Article by Katherine L. Cohen, PhD, Founder and CEO of IvyWise, LLC and ApplyWise.com
High school is hard enough—for both students and parents—without all of the challenges of moving. Still, relocating, whether due to a new job or for personal reasons, is sometimes unavoidable. While my first piece of advice to relocating families with students in high school is always to try your hardest not to move, more likely than not, you’ve already done everything in your power to make your situation work in the place you’re already calling home.

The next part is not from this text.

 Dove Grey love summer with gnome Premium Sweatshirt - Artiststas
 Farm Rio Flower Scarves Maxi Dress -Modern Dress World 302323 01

But moving, as I’m sure you’ve told your children, is not the end of the world! In fact, it’s the beginning of a whole new one. Adhering to a realistic but positive attitude while following these tips should help ease your children’s moving pains and make the transition significantly easier for all of you:
Listen to your children
Luggage—you’re going to be carrying loads of it and so will your children. But while your actual luggage might fill up a moving van or two, emotional luggage is often the more burdensome. The moving process is ripe with opportunities to create more baggage; however, it can just as easily be used as a tool to tackle any unnecessary and lingering issues. Talk to your children about the place they’re leaving and consider the hurdles they may face in their new community. Ask them to share both their fears and goals and don’t be afraid to share yours. These conversations will not completely rid you or your children of excess emotional baggage, but it will help. At the very least, your family will feel like they’re going through this transition together.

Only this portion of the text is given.